A late Spring has our local water temps fairly cold for this time of year. Don't be fooled by those couple warm sunny days, warm up you DFI engines before blasting away from the dock. If you don't, cold seizing will be a term you will become familiar with, one of our best customers had this occur during the 1st B.A.S.S. Weekend Series on the Potomac last week.

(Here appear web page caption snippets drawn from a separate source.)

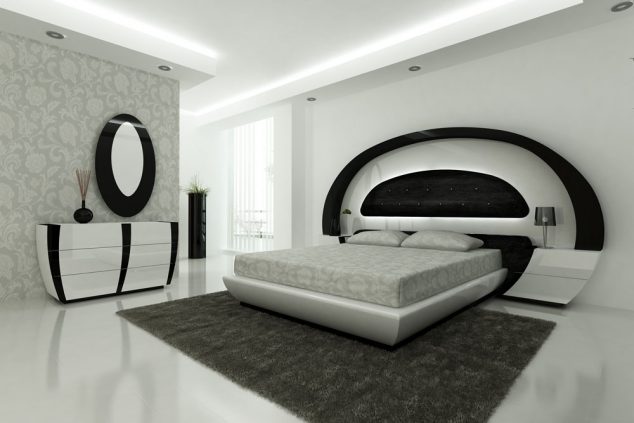 Mind Blowing Bedroom Cabinets to Hypnotize You bedroom bed designs 2016 modern bedroom furniture sets awesome design bed and background ornament with cool architecture 634x423 Mind Blowing Bedroom Cabinets to Hypnotize You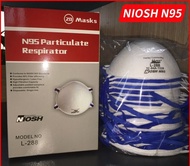 【Malaysia Ready Stock】N95 (1 PC) High Quality N95 mask N95 Topeng( 1pc )N95 Particulate Respirator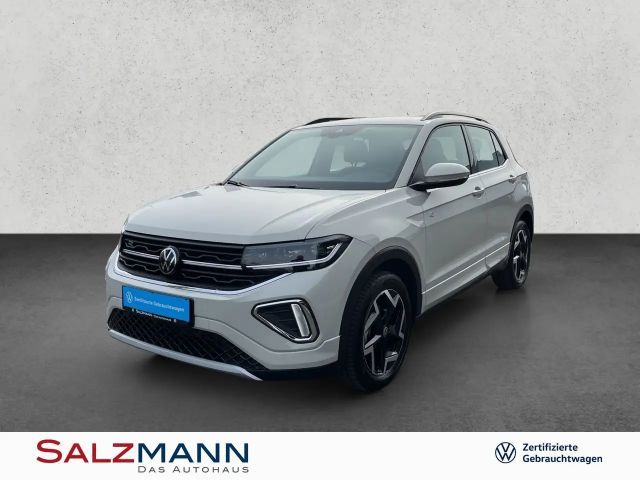 Volkswagen T-Cross 1.0 TSI R-Line, Navi, AHK, Kamera, LED-M 2025 Benzine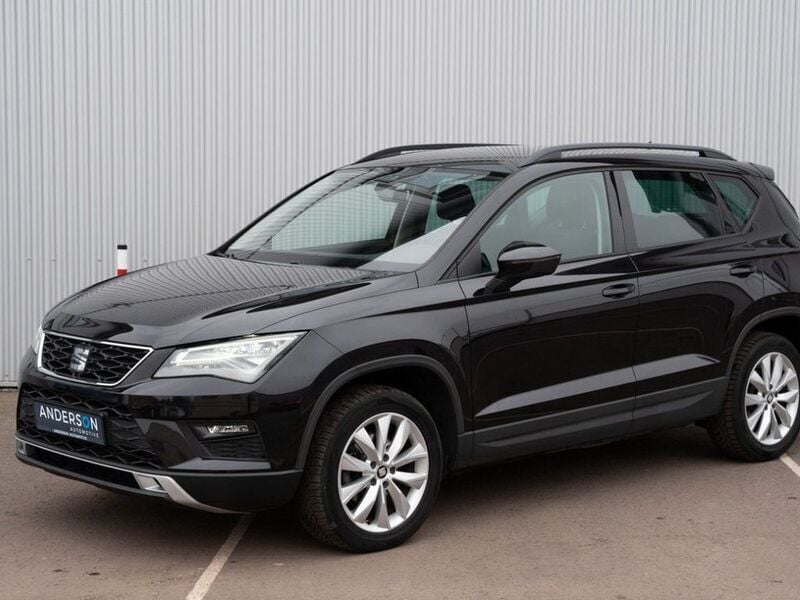 Schwarz Gebraucht 2018 Seat Ateca Style SUV | 17.790 € (Guter Preis) - Bild 1/4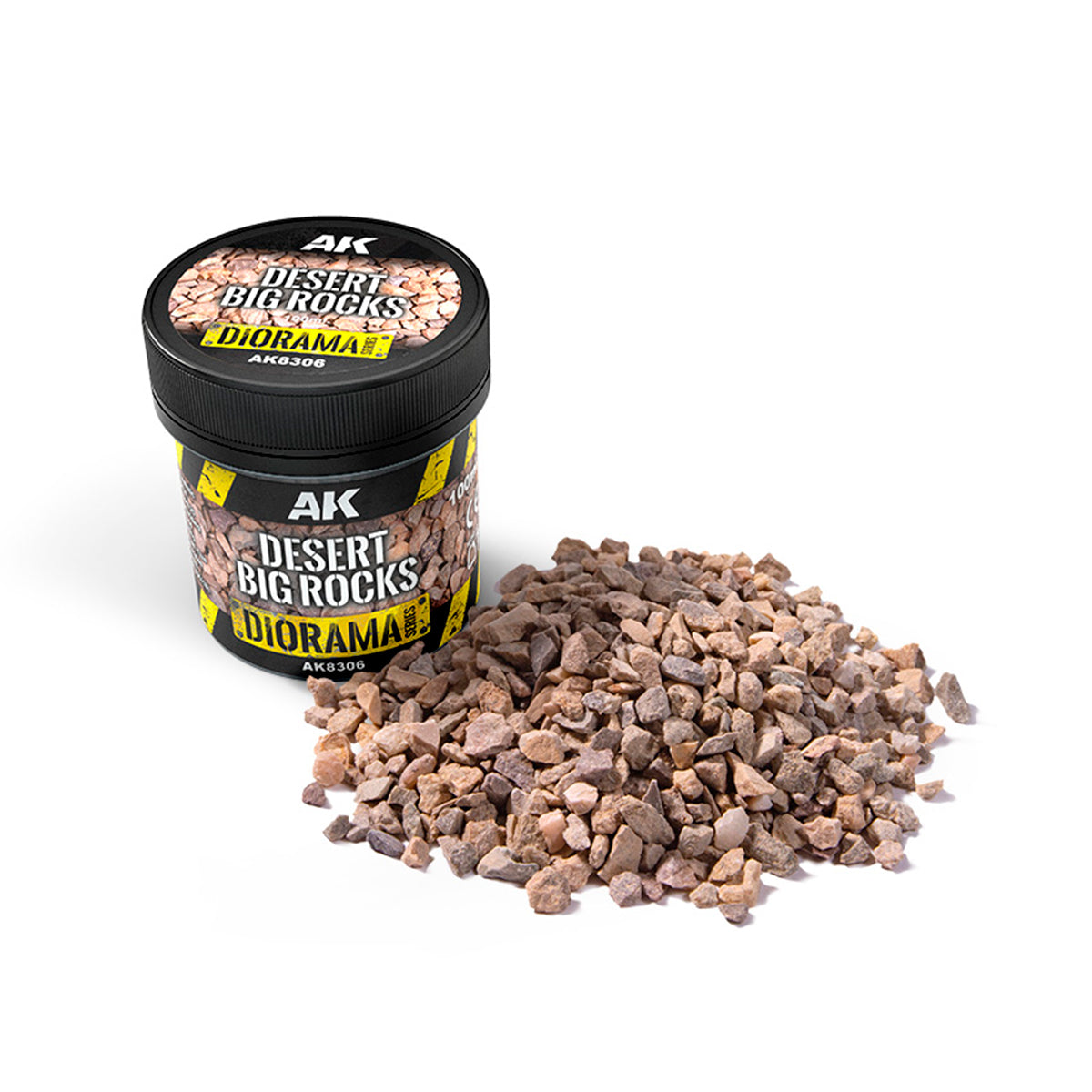 AK8306 - Vegetation - Rocks - Desert Big Rocks 100ml - 岩石 - 沙漠大岩石 100ml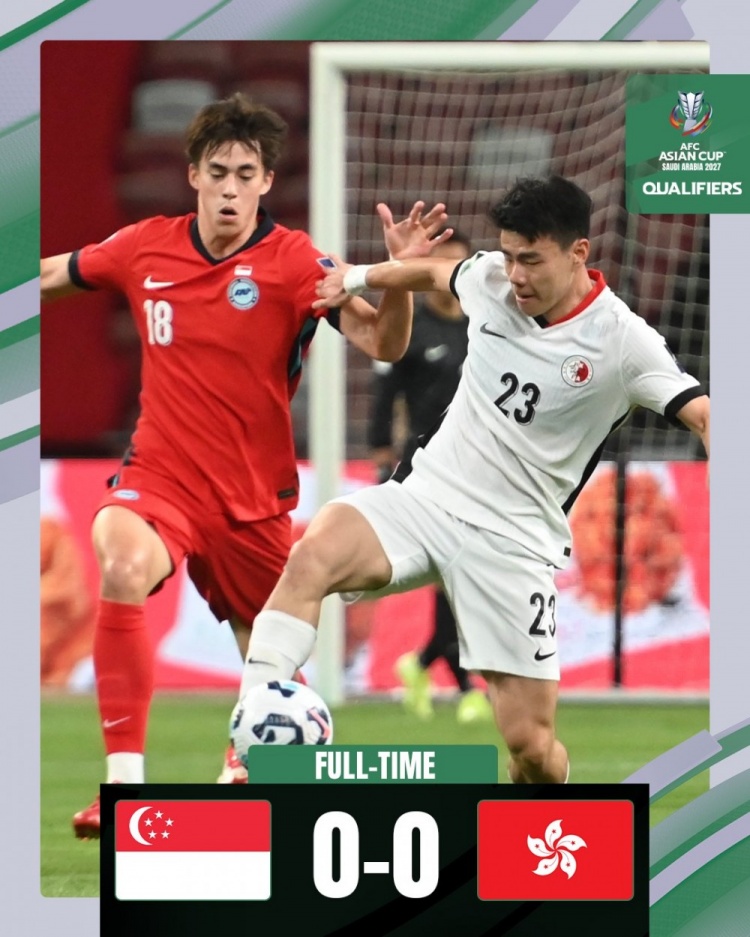 新加坡 vs 中国香港|0-0僵持|赛事总结与展望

DFI (direct fuel injection) engine are very common these days. They are 2 stroke engine like Mercury's Optimax, Yamaha's HPDI and Evenrude's E Tec engines. These DFI engines get great fuel mileage compared to engine of the past, but these engine are very hi tech machines with very tight tolerances. These tight tolerances can cause an issue that hurts the engine or could even blow up the engine in extreme cases. During the colder months in the Fall, Winter and in the Spring when the water is still cold the engine can cold seize. It happen because the pistons in these engine is manufactured from aluminum which heats up very quickly. The sleeve in the aluminum block that the piston rides in is made of steel which heats up much slower than the piston. The piston expands quickly as it heats up, the block does not expand until the engine warms up when the water temps are cold. This causes the piston to stick to the walls of the sleeve or cold seize. It causes a scuff on the piston which shortens the life of the engine. Sometimes it breaks the piston or the connecting rod that connects it to the crankshaft. If this happen we are talking about big bucks to repair the engine, as much as $10,000. Ouch, not a good way to start off a day of fishing. But don't be scared, preventing cold seizing is easy. When ever you go fishing and the water temps are below 50 degrees, let your engine warm up for a couple of minutes before jumping on plane. Those of you with a SmartCraft gauge or a engine water temp gauge need to get to a engine temperature of at least 120 degrees. That is all you need to do to prevent cold seizing.
So when you take your DFI powered boat out fishing during the colder months of the year, let that engine warm up before you leave the marina. Those couple of minutes of time will keep your engine from cold seizing and save you possibly thousands of dollars. If you don't want to wait, that OK too, we need business during the colder months of the year.